The working principle of both Photodiode and Phototransistor is same however, various factors differentiate the two. The major difference between photodiode and phototransistor is their current gain. In other words, we can say, a phototransistor produces more current as compared to the photodiode when exposed to the same amount of light energy.
Another crucial difference between photodiode and phototransistor is that a normal PN junction diode is employed in a photodiode that produces an electric current when exposed to light. On the contrary, light energy is converted into electric current in phototransistor, that is basically a bipolar junction transistor.
Now, before discussing some other important differences between photodiode and phototransistor have a look at the contents to be discussed in this article.
Content: Photodiode vs Phototransistor
|Consist of||Semiconductor diode||Junction transistor|
|Noise interference||Less immune||More immune|
|High frequency response||Provides better results.||Provides poor results.|
Definition of Photodiode
It is a semiconductor device having 2 terminals that produce current when exposed to light.
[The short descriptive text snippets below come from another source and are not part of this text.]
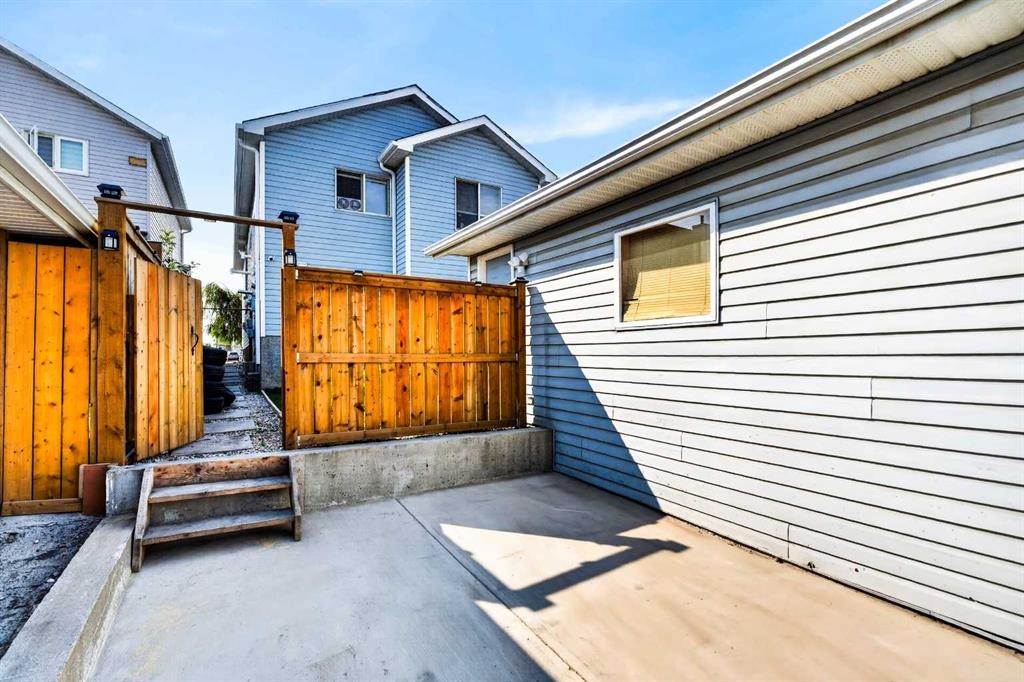 8079 Laguna Way Ne, Calgary, AB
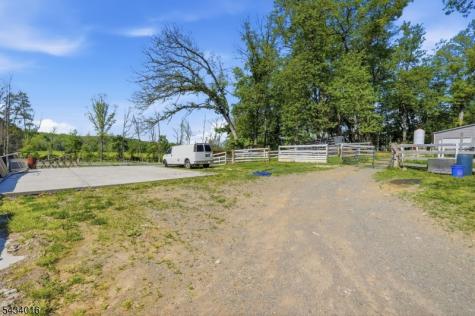 525 Hope-blairstown Road Hope NJ 07825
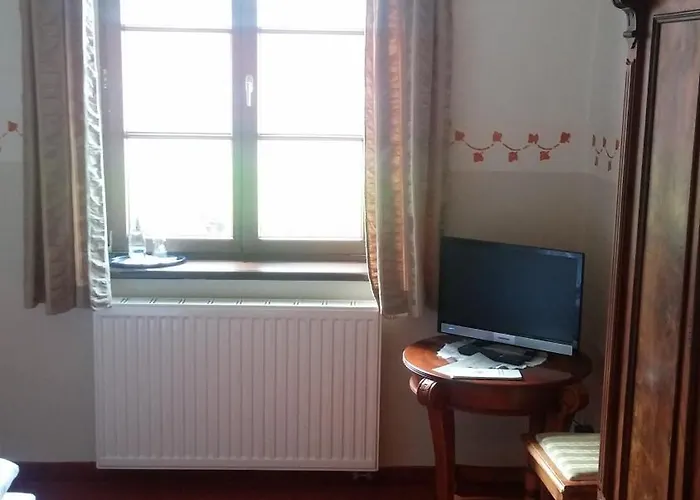 Hotel Und Dreibeiniger Hund Görlitz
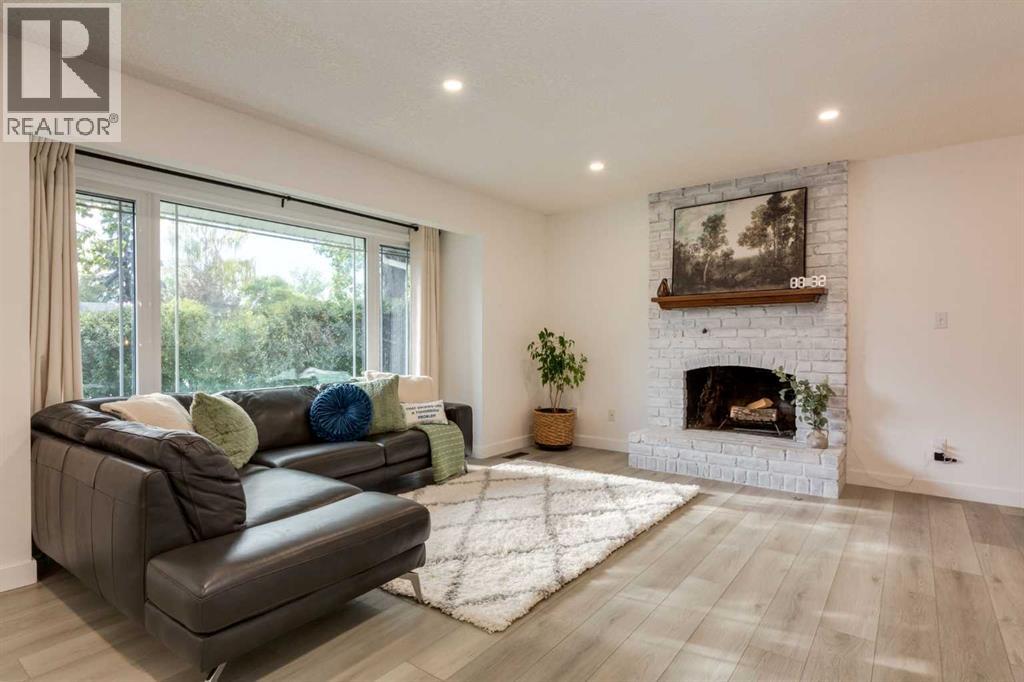 27 Midlake Place SE - Image 6
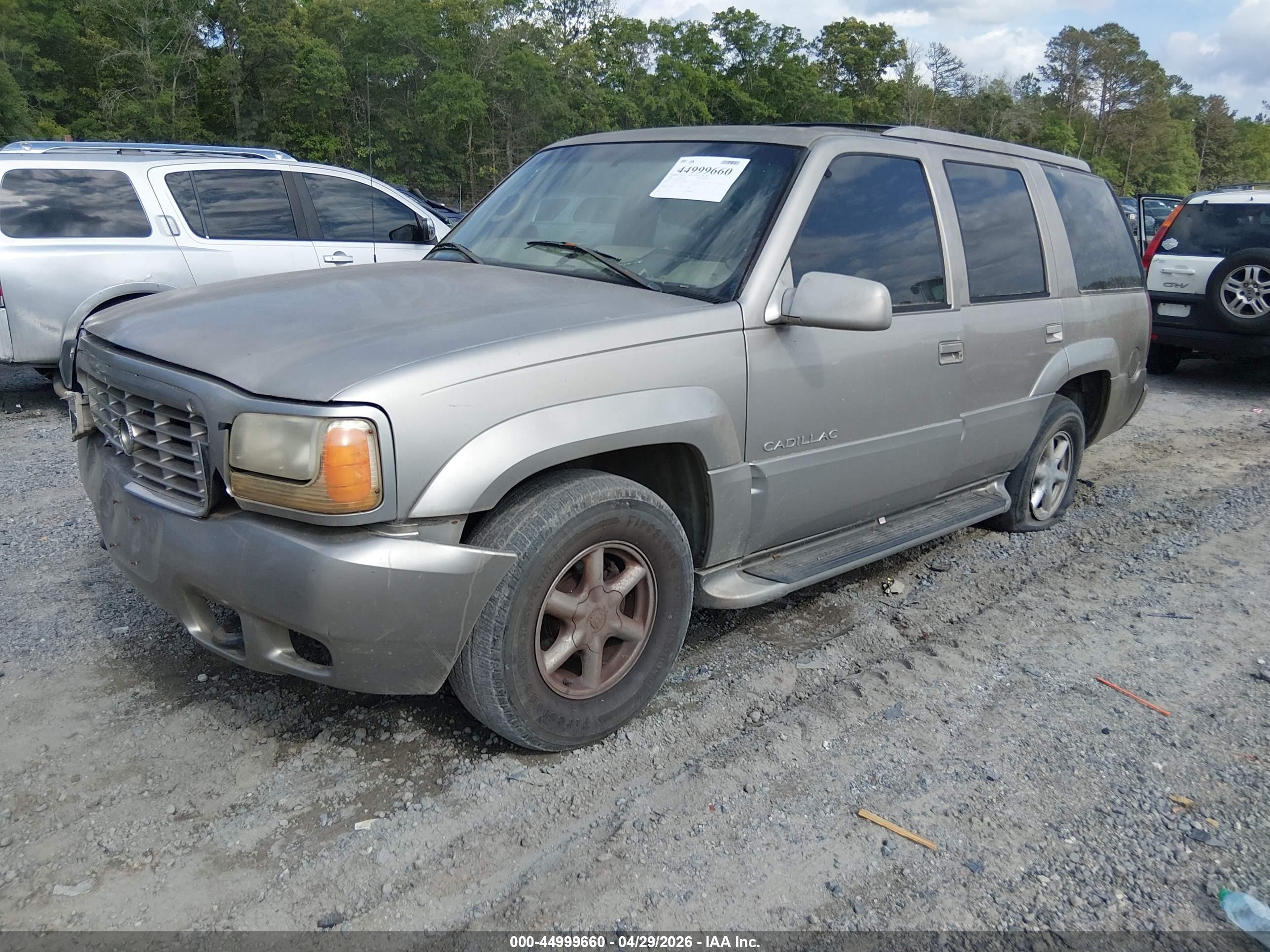 CADILLAC ESCALADE image 2
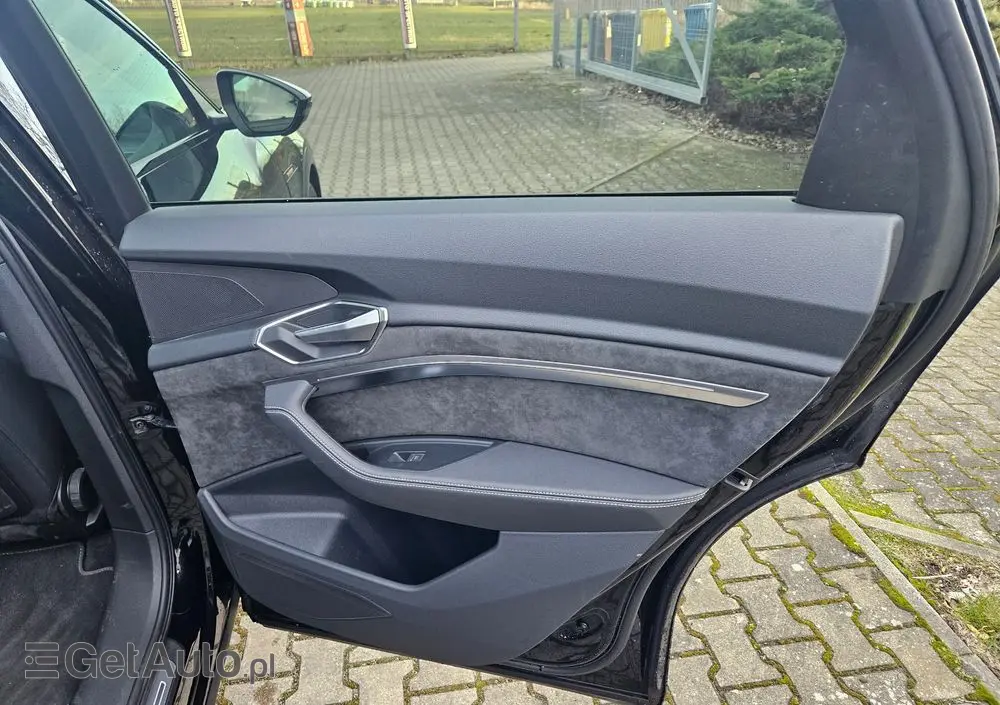 AUDI E-tron 50 Quattro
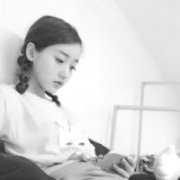 黑白个性的qq女生头像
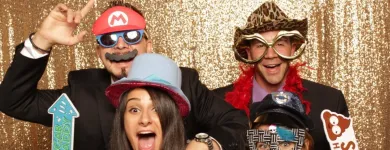 Entreprises 2 image PHOTOBOX PHOTO BOOTH Photographers & Photo Studios dans Ottawa ON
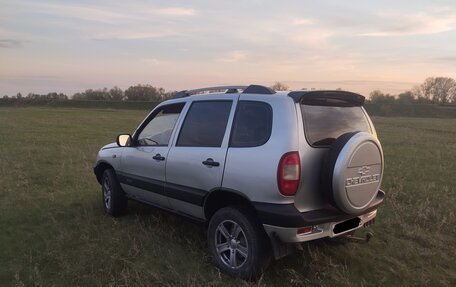 Chevrolet Niva I рестайлинг, 2004 год, 300 000 рублей, 3 фотография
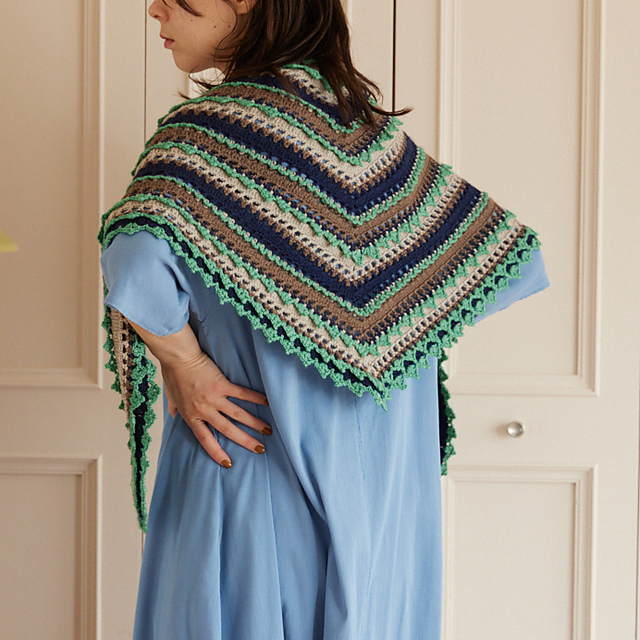 L. Triangle Shawl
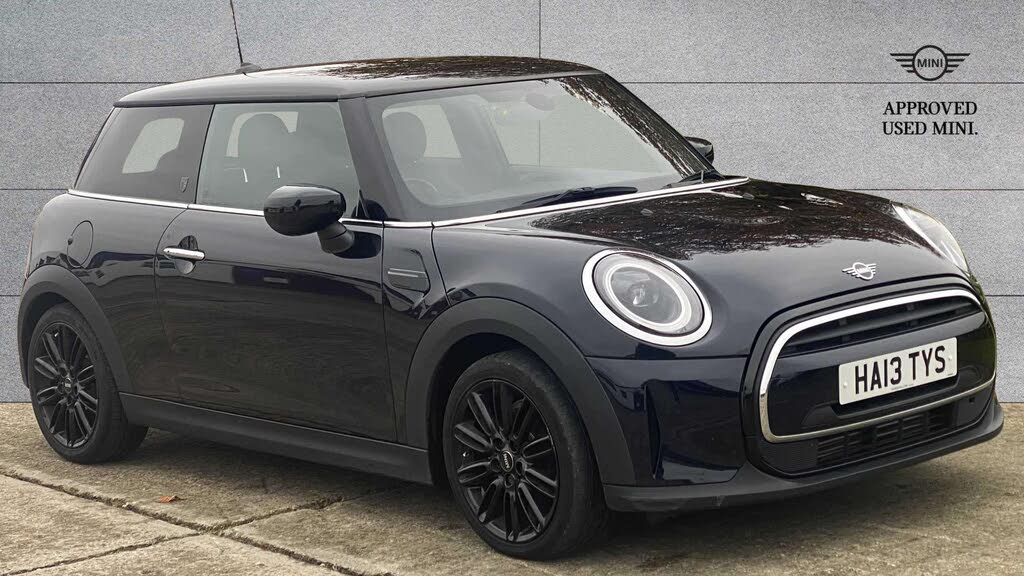 2022 MINI Mini 1.5 Cooper Exclusive (Premium) Hatchback 3d Auto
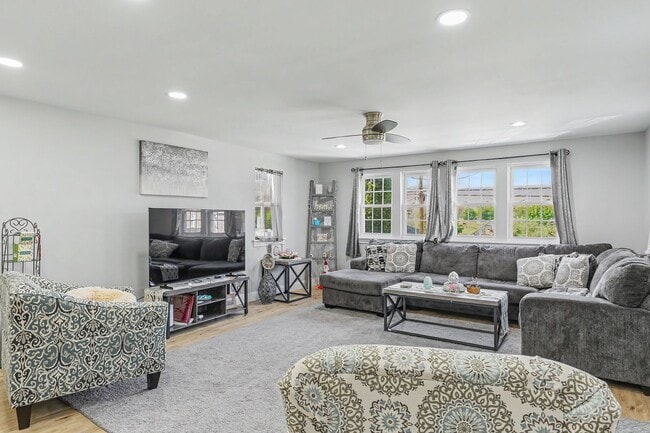 Photo - Three bedroom, two full bathrooms house in Enola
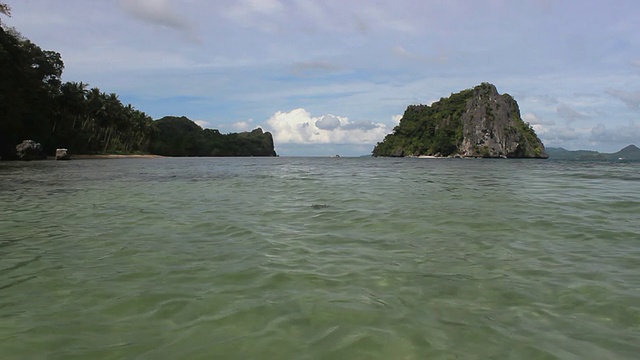 热带海滩与绿松石水和白沙视频素材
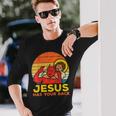 Jesus Has Your Back 柔術 レトロ クリスチャン 長袖Tシャツ 彼への贈り物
Photodiode works on the principle of photoelectric effect thus convert light energy that falls on the surface of the material into electrical energy. As the intensity of incident radiation increases, the current through the device also increases.
A photodiode is basically designed for reverse biased operation. Let us have a look at the biasing arrangement of the photodiode.
We are already aware of the fact that reverse saturation current flows through the device in reverse biased condition of a diode. Thus, in the case of photodiode also, a reverse current is the result of the thermally generated electron-hole pair by the action of light.
As the intensity of the incident radiation increases, temperature increases, resultantly current increases. The light energy that falls on the junction is responsible for charge carrier generation hence for current.
Sometimes, current is noticed in the device without any exposure to light rays, this is known as dark current.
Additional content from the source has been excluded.